‘Black-ish’ Misses the Mark When It Comes to Black Feminists.

Blackish Feminism

The latest episode of Black-ish, titled “Johnson & Johnson,” tackles feminism, in the context of marriage — specifically whether or not a wife should take her husband’s name.

The discussion is spurred by Dre’s (Anthony Anderson) sister Rhonda’s (Raven-Symoné) impending wedding to her longtime girlfriend Sharon (Elle Young). When Dre and Rainbow get into a discussion over who will take whose name in a lesbian wedding, Rainbow drops the bomb that she actually never took Dre’s name. The revelation is played for laughs since the couple actually had the same last name before getting married.

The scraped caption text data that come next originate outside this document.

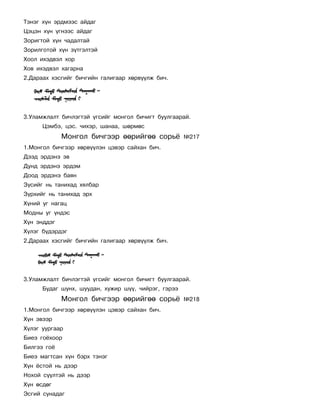 Òýíýã õ¿í ýðäìýýñ àéäàã
Öýöýí õ¿í ¿ãíýýñ àéäàã
Çîðèãòîé õ¿í ÷àäàëòàé
Çîðèëãîòîé õ¿í ç¿òãýëòýé
Õîîë èõýäâýë õîð
Õîâ èõýäâýë õàãàðíà
2.Äàðààõ õýñãèéã áè÷ãèéí ãàëèãààð õºðâ¿¿ëæ áè÷.




3.Óëàìæëàëò áè÷ëýãòýé ¿ãñèéã ìîíãîë áè÷èãò áóóëãààðàé.
      Öýìáý, öýñ. ÷èõýð, øàíàà, øºðìºñ
             Ìîíãîë áè÷ãýýð ººðèéãºº ñîðü¸           ¹217
1.Ìîíãîë áè÷ãýýð õºðâ¿¿ëýí öýâýð ñàéõàí áè÷.
Äýýä ýðäýíý ýâ
Äóíä ýðäýíý ýðäýì
Äîîä ýðäýíý áàÿí
Ç¿ñèéã íü òàíèõàä õÿëáàð
Ç¿ðõèéã íü òàíèõàä ýðõ
Õ¿íèé óã íàãàö
Ìîäíû óã ¿íäýñ
Õ¿í ýíääýã
Õ¿ëýã á¿äýðäýã
2.Äàðààõ õýñãèéã áè÷ãèéí ãàëèãààð õºðâ¿¿ëæ áè÷.




3.Óëàìæëàëò áè÷ëýãòýé ¿ãñèéã ìîíãîë áè÷èãò áóóëãààðàé.
      Áóäàã øóíõ, øóóäàí, õóæèð ø¿¿, ÷èéðýã, ãýðýý
             Ìîíãîë áè÷ãýýð ººðèéãºº ñîðü¸           ¹218
1.Ìîíãîë áè÷ãýýð õºðâ¿¿ëýí öýâýð ñàéõàí áè÷.
Õ¿í ýâýýð
Õ¿ëýã óóðãààð
Áèåý ãî¸õîîð
Áèëãýý ãî¸
Áèåý ìàãòñàí õ¿í áýðõ òýíýã
Õ¿í ¸ñòîé íü äýýð
Íîõîé ñ¿¿ëòýé íü äýýð
Õ¿í ºñäºã
Ýñãèé ñóíàäàã
 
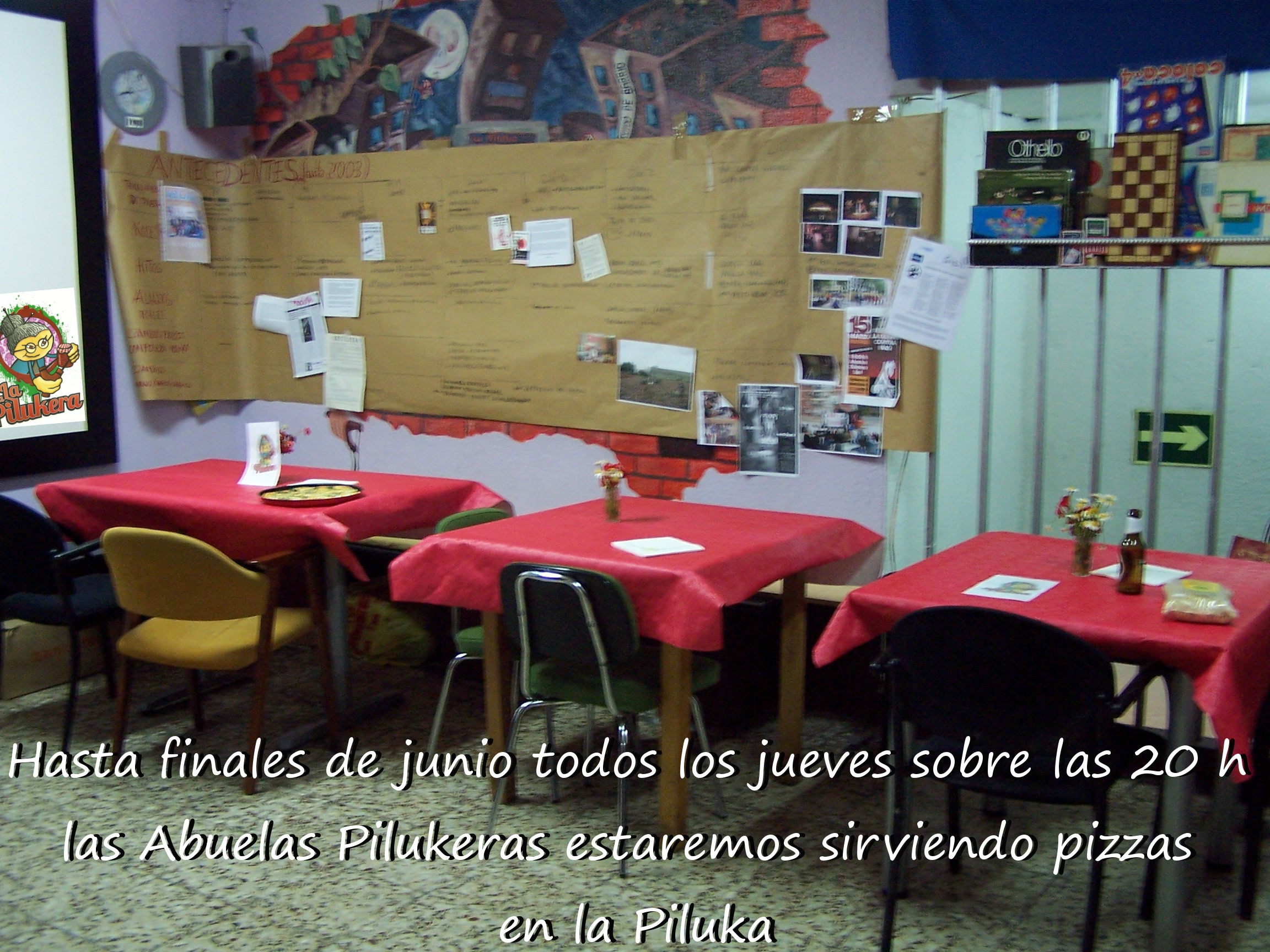 Hasta finales de junio todos los jueves estaremos las Abuelas Pilukeras sirviendo pizzas en la Piluka.   Os esperamos¡¡¡¡¡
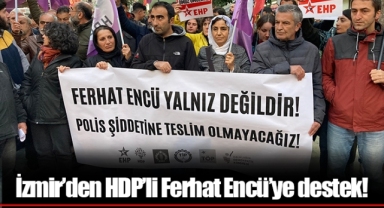 İzmir’den HDP’li Ferhat Encü’ye destek!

At this point, Ruby chimes in, and Rainbow invokes feminism as the reason for her choice. What follows is a discussion that tries to pin down the specific struggles faced by black feminists, but really misses the mark.

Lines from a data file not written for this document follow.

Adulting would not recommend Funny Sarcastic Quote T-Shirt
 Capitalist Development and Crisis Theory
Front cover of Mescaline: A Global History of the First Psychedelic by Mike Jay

Ruby: Oh, so, I see. You done turned into one of these hairy-legged man-haters.

Rhonda: Mom, for the last time, lesbians don’t hate men or love tuna.

Ruby: No, baby, I’m talking about feminists now.

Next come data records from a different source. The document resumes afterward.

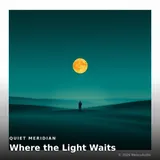 Where the Light Waits by Quiet Meridian — Meditation Mellow cover art on WeavyAudio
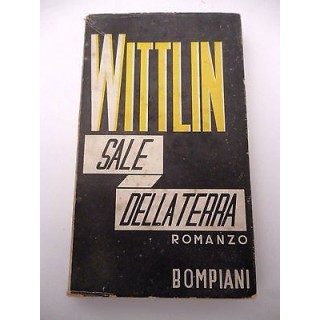JOSEF WITTLIN: Sale della Terra, IV ed. 1945 BOMPIANI A83  6,00€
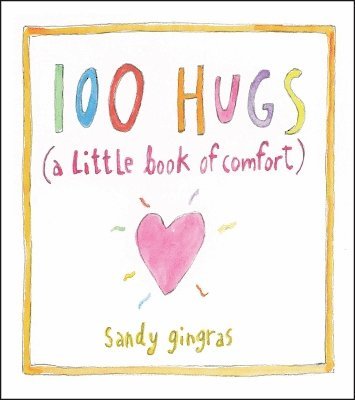 Sandy Gingras - 100 Hugs, Inbunden. Tillgänglighet: Lägg i varukorg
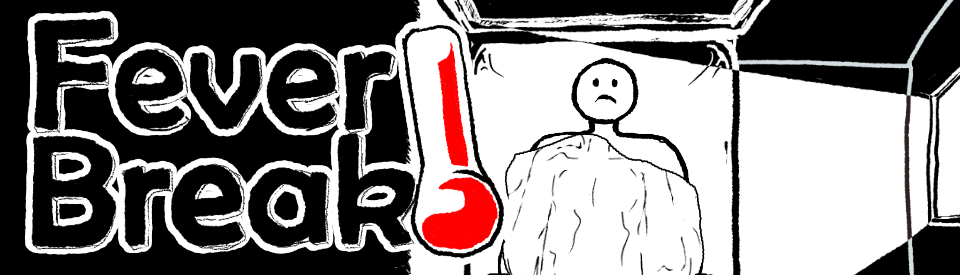 Fever Break!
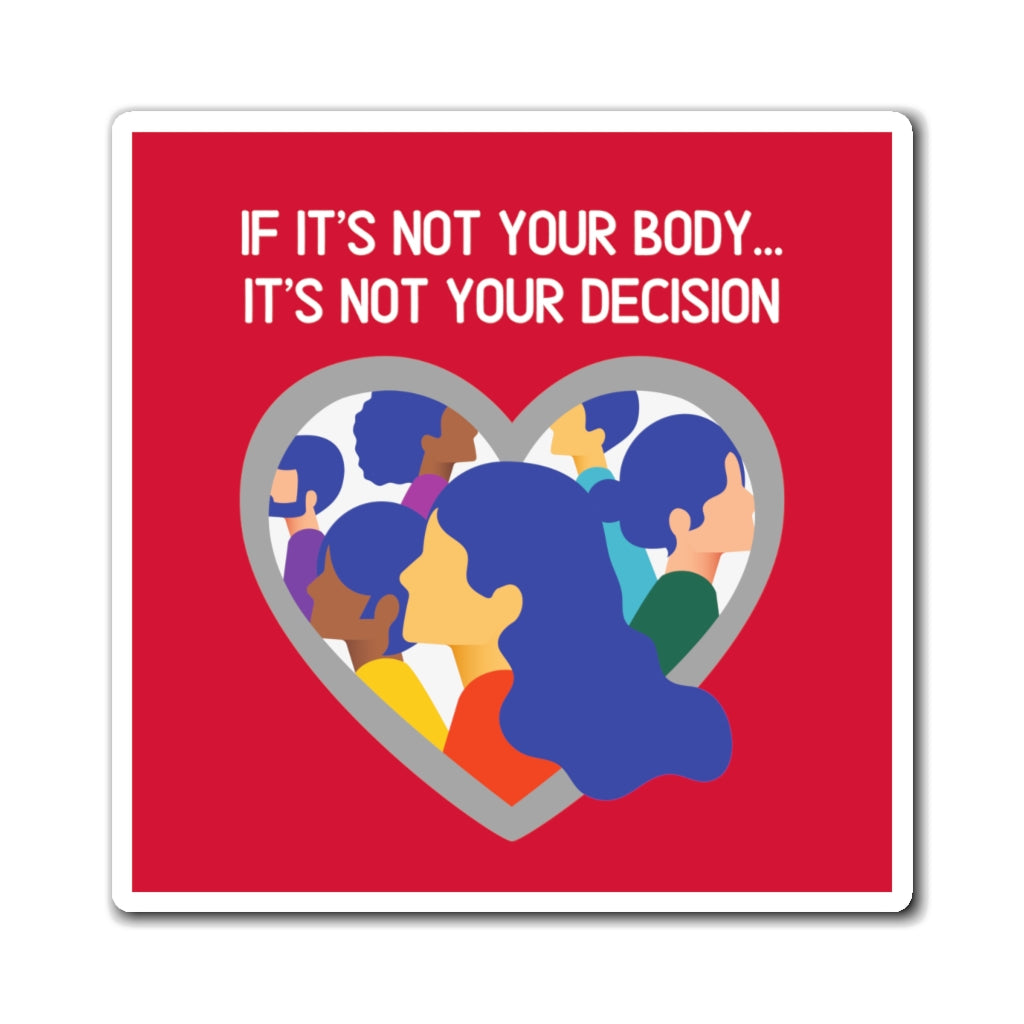 Not Your Body, Not Your Decision Magnet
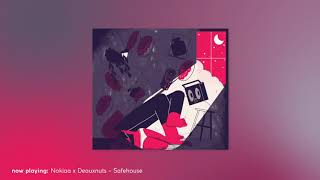 Nokiaa x Deauxnuts - Safehouse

Rhonda: Oh, well, they really do hate men. I don’t know how they feel about tuna.

Bow: Feminists do not hate men. We actually love tuna. We simply believe that women and men are equal. And I will fight up against any custom or tradition that reinforces that we’re not. Women like Alice Paul, Betty Friedan, Gloria Steinem, these are the women that paved the way for me to be the doctor that I am today. I say that a lot don’t I?

Dre: Yes, you do.

Bow: Okay. The point is everyone should be a feminist.

Ruby: Rainbow, ain’t nobody got time for that! I couldn’t’ afford to burn my bra. I only had the one!

Rhonda: What I think Mama’s trying to say is that Black feminists and White feminists had a little bit of a different path. It wasn’t as simple for Black feminists because they had to choose between civil rights and feminism.

Ruby: And I chose civil rights! Yeah. I didn’t march or anything. But ain’t nobody got time for that either — except privileged White girls.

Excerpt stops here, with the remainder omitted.